FresnoJune 21, 2014 

John Lloyd Young portrays Frankie Valli in Clint Eastwood's "Jersey Boys." Caption: JOHN LLOYD YOUNG as Frankie Valli in Warner Bros. Pictures' musical "JERSEY BOYS," a Warner Bros. Pictures release.

WARNOR BROS

It's hard to top my first "Jersey Boys" experience. I eavesdropped on Frankie Valli during intermission.

The scene: opening night in 2006 of the national tour of the Broadway musical in San Francisco. It isn't polite to eavesdrop, of course. But when you're standing in the aisle of a packed theater and Valli has decided to park right in front of you to discuss with his compatriots what he thinks so far of the show, I wasn't going to stick cotton in my ears.

He loved the production, of course.

I liked it, too — quite a bit more than the Clint Eastwood-directed movie that opened Friday.

I'm first in line for every film adaptation of a Broadway musical. I've seen enough of them to realize that it can be tricky to transfer the experience of live theater to the big screen. The film version of "Jersey Boys" just didn't do much for me, alas.

I didn't hate it — but I have no interest in seeing it again. For me to say that about a Broadway film adaptation is a pretty lukewarm response.

The stage version is first and foremost a "jukebox musical" — an excuse to string together a bunch of crowd-pleasing hits. Still, book writers Marshall Brickman and Rick Elice worked hard to find a compelling narrative in this story of a group of New Jersey toughs breaking out of the neighborhood into stardom.

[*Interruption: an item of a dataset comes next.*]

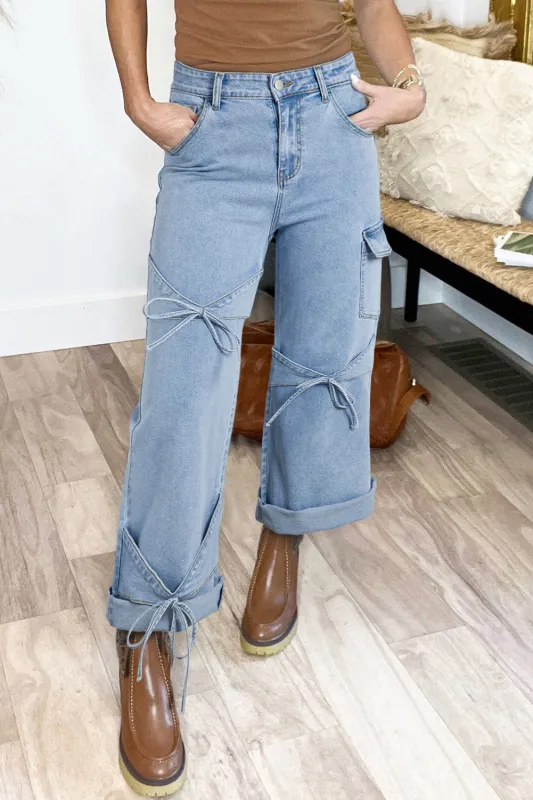 Beau Blue Bowknot Decor Boyfriend Cargo Jeans sold by Beagle Boutique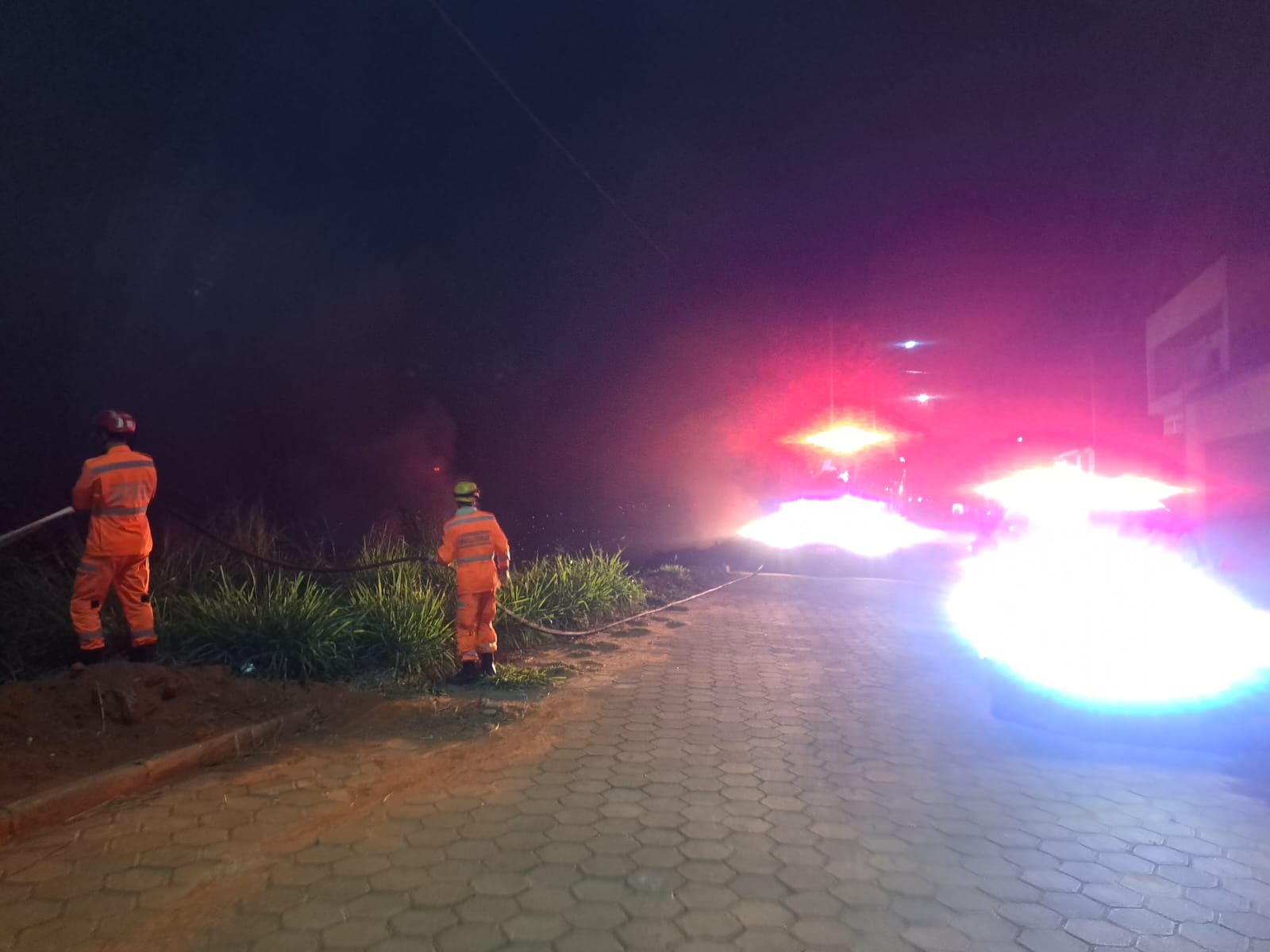 Bombeiros combatem incêndio em vegetação no bairro Júlia Molar, em Viçosa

Did they try a little too hard? Perhaps.

There is a lot of supposed grit in the storyline of the stage musical, including time spent in jail by members of the band for petty crimes and connections to the Mafia. But there's also too much of an effort to wring drama out of a story that isn't always that special. (Is there anything more ordinary than members of rock bands arguing with each other?)

Balancing the exaggerated angst, though, are the songs. Such tunes as "Sherry," "Walk Like a Man" and "Big Girls Don't Cry" infuse the stage version with a powerfully jaunty swagger. Aside from my brush with Valli and Four Seasons fame in San Francisco, what I remember most from that night in San Francisco was the exuberance and musical magnetism of the show.

The joyful, seamless integration of music and storyline made up for any deficiencies in the plot.

The film version, on the other hand, comes across as a mostly competent but standard-issue biopic. I don't consider it a "musical" as such, but more a movie with music. (It's a musical for people who don't like musicals.) The first hour, especially, is something of a slog. We get bogged down in garden-variety dysfunction.

The songs are fine — and a few are thoroughly entertaining — but something feels static and detached about the way they're placed into the narrative.

(One song just feels downright creepy: when Frankie, played by John Lloyd Young, sings "My Eyes Adored You" as a lullaby to his daughter. How tone-deaf did Eastwood have to be to let that go through, especially with the line "Though I never laid a hand on you"?)

The only time I fully warmed up to the movie version of "Jersey Boys," in fact, is when the final credits roll. That's when Eastwood shifts from methodical realism to a little Broadway razzle-dazzle, with all of his actors getting the chance to sing and dance a little.

What's missing from the movie overall? The magic of theater.

I think I'll stick with Frankie Valli in person. And "Jersey Boys" on stage.